━━ DATA FOR THE TASK ━━

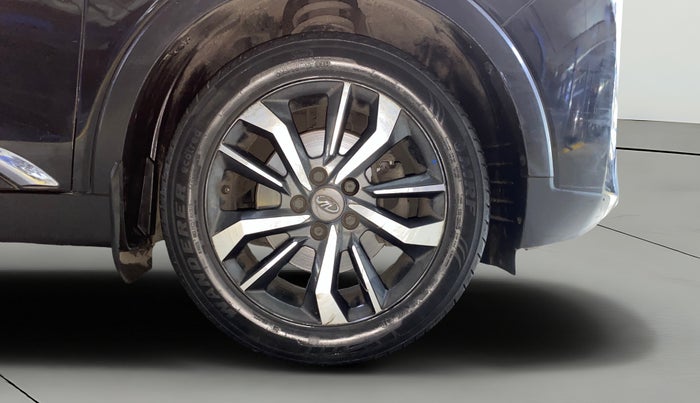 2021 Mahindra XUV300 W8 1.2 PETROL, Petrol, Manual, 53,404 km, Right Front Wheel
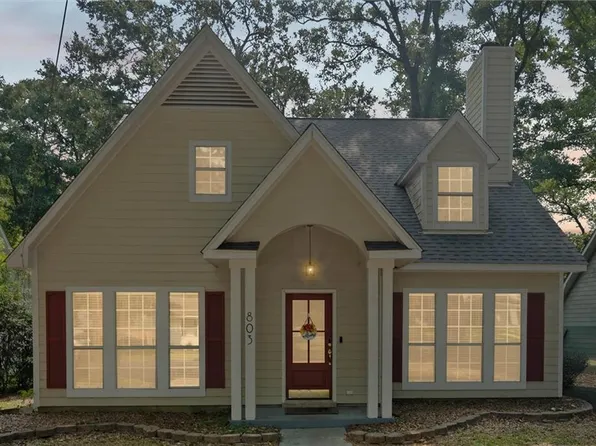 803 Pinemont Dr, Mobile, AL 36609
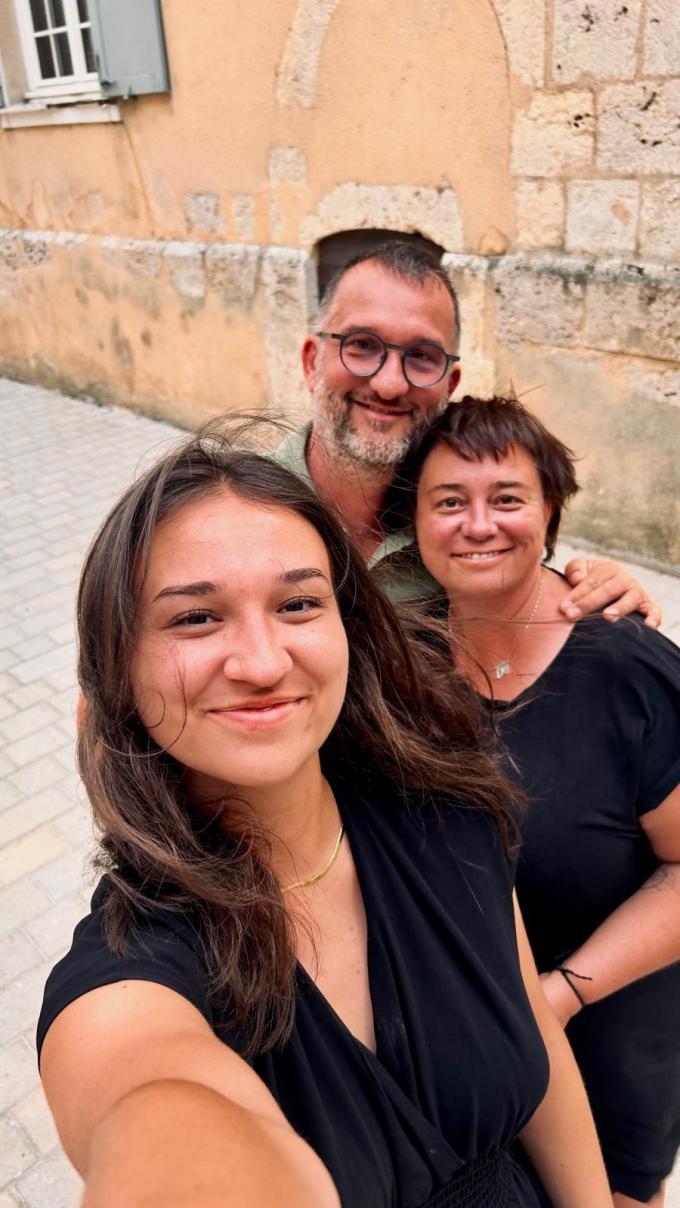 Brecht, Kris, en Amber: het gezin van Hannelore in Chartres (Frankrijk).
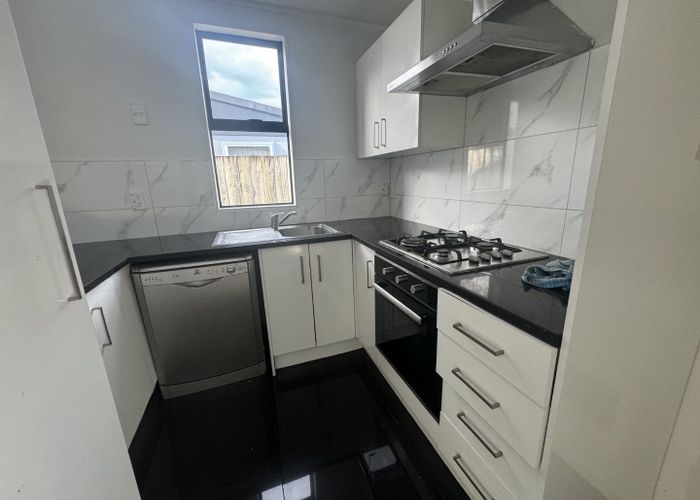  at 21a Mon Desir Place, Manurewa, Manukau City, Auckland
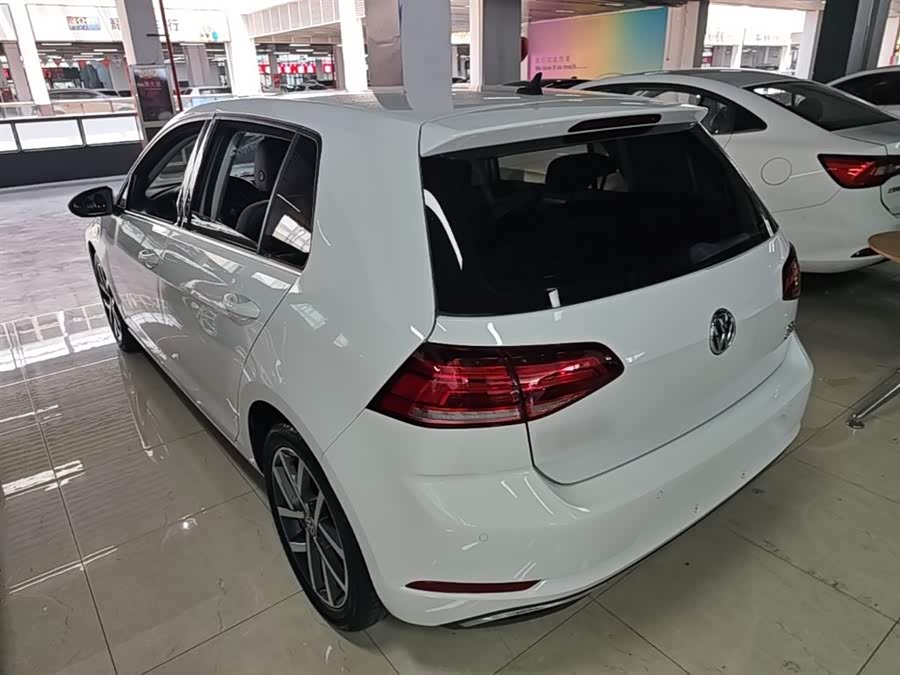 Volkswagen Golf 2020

━━━
━━ DATA FOR THE TASK ━━

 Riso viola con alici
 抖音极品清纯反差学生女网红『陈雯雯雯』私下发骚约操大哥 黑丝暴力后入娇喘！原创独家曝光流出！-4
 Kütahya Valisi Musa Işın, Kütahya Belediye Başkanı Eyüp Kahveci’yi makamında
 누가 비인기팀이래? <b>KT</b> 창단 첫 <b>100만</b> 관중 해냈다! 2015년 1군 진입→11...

━━━

* WORK ITEM
Go to the line with "Riso viola con alici" in the entries above and repeat every line from there through the line with "누가 비인기팀이래? <b>KT</b>", exactly and with no other text.

* ANSWER SECTION
 Riso viola con alici
 抖音极品清纯反差学生女网红『陈雯雯雯』私下发骚约操大哥 黑丝暴力后入娇喘！原创独家曝光流出！-4
 Kütahya Valisi Musa Işın, Kütahya Belediye Başkanı Eyüp Kahveci’yi makamında
 누가 비인기팀이래? <b>KT</b> 창단 첫 <b>100만</b> 관중 해냈다! 2015년 1군 진입→11...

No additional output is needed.